Exercise -
Everything in the listing beneath must be transcribed exactly.

Extracted entries -
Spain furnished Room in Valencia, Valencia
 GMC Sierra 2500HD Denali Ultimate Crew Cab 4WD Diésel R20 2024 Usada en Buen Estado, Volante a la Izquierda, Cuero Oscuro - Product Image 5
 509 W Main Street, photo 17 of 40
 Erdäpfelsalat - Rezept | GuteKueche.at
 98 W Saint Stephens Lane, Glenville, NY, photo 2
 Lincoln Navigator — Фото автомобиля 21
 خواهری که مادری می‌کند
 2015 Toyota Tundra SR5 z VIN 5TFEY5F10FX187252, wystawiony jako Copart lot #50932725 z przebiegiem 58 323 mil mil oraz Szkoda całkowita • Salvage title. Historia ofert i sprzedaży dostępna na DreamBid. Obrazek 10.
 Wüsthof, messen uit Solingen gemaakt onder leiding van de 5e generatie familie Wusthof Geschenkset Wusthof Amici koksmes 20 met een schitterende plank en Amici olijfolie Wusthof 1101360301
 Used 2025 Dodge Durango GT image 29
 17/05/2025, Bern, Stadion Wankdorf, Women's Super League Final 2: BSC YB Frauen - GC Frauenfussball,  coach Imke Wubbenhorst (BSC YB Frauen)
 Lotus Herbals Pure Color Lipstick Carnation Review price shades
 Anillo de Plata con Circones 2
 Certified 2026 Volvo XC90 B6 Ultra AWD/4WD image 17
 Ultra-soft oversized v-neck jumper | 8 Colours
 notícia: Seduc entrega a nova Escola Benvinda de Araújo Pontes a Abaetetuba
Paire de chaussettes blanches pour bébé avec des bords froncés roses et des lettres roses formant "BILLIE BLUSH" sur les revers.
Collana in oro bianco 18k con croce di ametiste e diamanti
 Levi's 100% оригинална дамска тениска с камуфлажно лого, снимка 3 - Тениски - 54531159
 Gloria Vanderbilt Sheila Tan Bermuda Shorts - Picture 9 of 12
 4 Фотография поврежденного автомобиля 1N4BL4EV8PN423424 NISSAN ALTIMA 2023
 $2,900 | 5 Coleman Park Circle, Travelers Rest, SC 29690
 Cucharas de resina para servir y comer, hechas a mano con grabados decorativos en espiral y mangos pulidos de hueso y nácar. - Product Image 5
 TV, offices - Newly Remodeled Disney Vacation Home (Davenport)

Task output -
Spain furnished Room in Valencia, Valencia
 GMC Sierra 2500HD Denali Ultimate Crew Cab 4WD Diésel R20 2024 Usada en Buen Estado, Volante a la Izquierda, Cuero Oscuro - Product Image 5
 509 W Main Street, photo 17 of 40
 Erdäpfelsalat - Rezept | GuteKueche.at
 98 W Saint Stephens Lane, Glenville, NY, photo 2
 Lincoln Navigator — Фото автомобиля 21
 خواهری که مادری می‌کند
 2015 Toyota Tundra SR5 z VIN 5TFEY5F10FX187252, wystawiony jako Copart lot #50932725 z przebiegiem 58 323 mil mil oraz Szkoda całkowita • Salvage title. Historia ofert i sprzedaży dostępna na DreamBid. Obrazek 10.
 Wüsthof, messen uit Solingen gemaakt onder leiding van de 5e generatie familie Wusthof Geschenkset Wusthof Amici koksmes 20 met een schitterende plank en Amici olijfolie Wusthof 1101360301
 Used 2025 Dodge Durango GT image 29
 17/05/2025, Bern, Stadion Wankdorf, Women's Super League Final 2: BSC YB Frauen - GC Frauenfussball,  coach Imke Wubbenhorst (BSC YB Frauen)
 Lotus Herbals Pure Color Lipstick Carnation Review price shades
 Anillo de Plata con Circones 2
 Certified 2026 Volvo XC90 B6 Ultra AWD/4WD image 17
 Ultra-soft oversized v-neck jumper | 8 Colours
 notícia: Seduc entrega a nova Escola Benvinda de Araújo Pontes a Abaetetuba
Paire de chaussettes blanches pour bébé avec des bords froncés roses et des lettres roses formant "BILLIE BLUSH" sur les revers.
Collana in oro bianco 18k con croce di ametiste e diamanti
 Levi's 100% оригинална дамска тениска с камуфлажно лого, снимка 3 - Тениски - 54531159
 Gloria Vanderbilt Sheila Tan Bermuda Shorts - Picture 9 of 12
 4 Фотография поврежденного автомобиля 1N4BL4EV8PN423424 NISSAN ALTIMA 2023
 $2,900 | 5 Coleman Park Circle, Travelers Rest, SC 29690
 Cucharas de resina para servir y comer, hechas a mano con grabados decorativos en espiral y mangos pulidos de hueso y nácar. - Product Image 5
 TV, offices - Newly Remodeled Disney Vacation Home (Davenport)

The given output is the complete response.